I don't know where I am or how I got here. There are bright lights in my face and they're blinding me. Something whooshes by me, so hot and heavy that it almost knocks me down. Horns blare.

Car.

My brain is sluggish, weighted down.

"HEY, LADY! GET OUT OF THE WAY!"

Another enormous whoosh of air follows the shouting voice. I lurch away from the headlights and horns, tripping as my feet hit the curb. I fall onto the sidewalk, scraping my hands and tearing the knees of my jeans.

Oh god, not again.

My head is spinning and I'm sick to my stomach.

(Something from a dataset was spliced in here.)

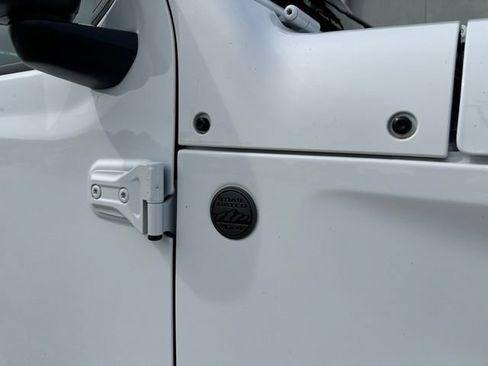 Certified 2025 Jeep Gladiator Sport AWD/4WD image 49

Sitting on the pavement, I clutch my knees and take huge gulps of the night air. The memories are like a punch to the gut, knocking the wind out of me.

* * * * *

I'm surrounded by a curtain of heavy gray mist. A great crash rips through the air - I think it's thunder until the fog parts to reveal an enormous black egg. As I watched, figures begin to emerge from it - dark, human-shaped creatures with wings the color of blood. Though I can't make out any features, even their shadows are so terrifying they steal my breath.

* * * * *

A siren is wailing not far away. Blue lights wash over me as a police car pulls up to the curb. The officer steps out; he is tall with white hair and a kind face. "Do you need some help, miss?" he asks.

I open my mouth to speak, but no words come out. My chest is tight; my heart jackhammers against my ribs. I'm breathing in ragged gasps. My hands are clenched into claws, fingers tingling. I start to wonder if I'm going to die right here on the sidewalk.

"Miss? Do you need medical assistance?"

I'm drowning. The cop's voice is tinny and distant. I nod.

"Try to stay calm. I'm calling an ambulance."

His radio crackles and I hear him speak into it. Then he's sitting beside me on the pavement, telling me to try and take deep breaths.

Riiiight, I think, if it were that simple, I'd have been doing it all along.

He's still speaking, and his voice is low and soothing. My breathing starts to slow and the crushing pressure in my chest begins to ease. All the strength drains out of me; my limbs feel impossibly heavy. I slump forward and rest my head on my knees.

More sirens. Strong hands grasp my shoulders and lift me to my feet. Everything is a blur. There are voices, but I can't make out what they're saying. My eyes are closing; I just want to sleep.

* * * * *

I'm crouched in the corner of an immense room with walls of alabaster. At one end of the cavernous space is a throne with a man perched atop it. The man is draped in a ridiculous furry purple cloak and gold robes and wears a crown dripping with gaudy jewels. On the other side of the chamber, a slender girl with a dark brown ponytail and blue eyes stands, straight as a board. The bejeweled man studies her with almost clinical detachment.

* * * * *

I open my eyes and blink against the glare of harsh fluorescent lights. The world swims into focus - bright white sheets and sterile machines. Everything feels hazy and unreal. A young woman with blue eyes and dark hair pulled into a ponytail smiles at me. Though she doesn't look much older than me, I recognize her as Dr. Weston. She hands me some water in a paper cup.

The questions begin.

Do you know your name?

Yes! An easy question. "Sam. Sam Jenkins."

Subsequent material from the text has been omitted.